U.S. Senate Bill Would Reform Rules For Livestock Haulers

Courtesy of kla.org

 

U.S. Sens. Pat Roberts and Jerry Moran from Kansas are among a bipartisan group of original co-sponsors of legislation aimed at reforming federal hours of service (HOS) rules for livestock haulers. NCBA supports the Transporting Livestock Across America Safety Act as a way to ensure animal welfare, highway safety and the well-being of livestock transport drivers.

“This bill recognizes the unique needs of livestock haulers,” said NCBA Senior Vice President of Government Affairs Colin Woodall.

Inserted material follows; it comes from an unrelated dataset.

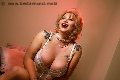 Foto Maite De L'enclos Annunci Transescort 3298337093 - 42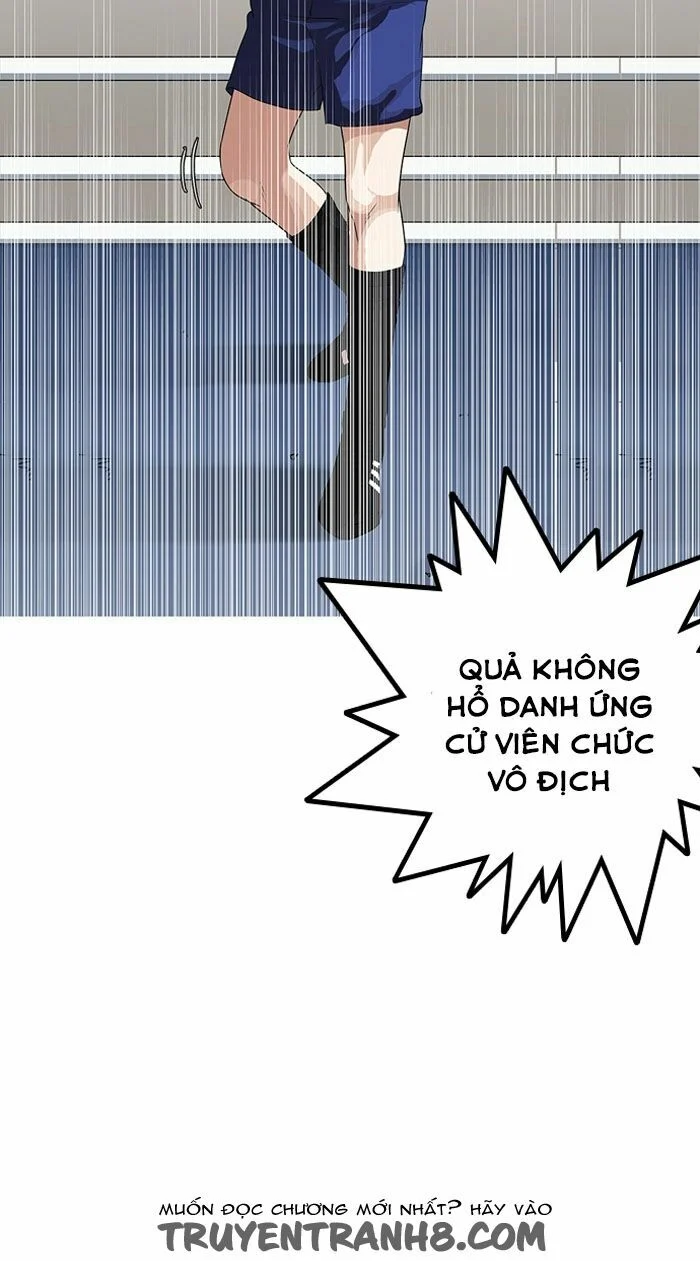 Hoán Đổi Diệu Kỳ Chapter 138 - Trang 3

The proposed legislation only would allow HOS and electronic logging device (ELD) requirements to apply after a driver travels more than 300 air miles from the point of origin. Loading and unloading times would be exempt from HOS driving time. The HOS on-duty maximum hours would be extended to a minimum of 15 and a maximum of 18. Flexibility would be granted for drivers to rest at any point without counting against HOS time. Drivers would be allowed to complete a trip, regardless of HOS requirements, if within 150 air miles of the delivery point. After delivery is complete, the legislation ensures the driver will take a break for a period that is five hours less than the maximum on-duty time.

NCBA helped secure a delay in the implementation of ELDs for livestock haulers until September 30, 2019. However, the need for a long-term solution remains. In addition to supporting the Senate legislation, NCBA has submitted a petition to the U.S. Department of Transportation requesting changes in the HOS rules for livestock haulers.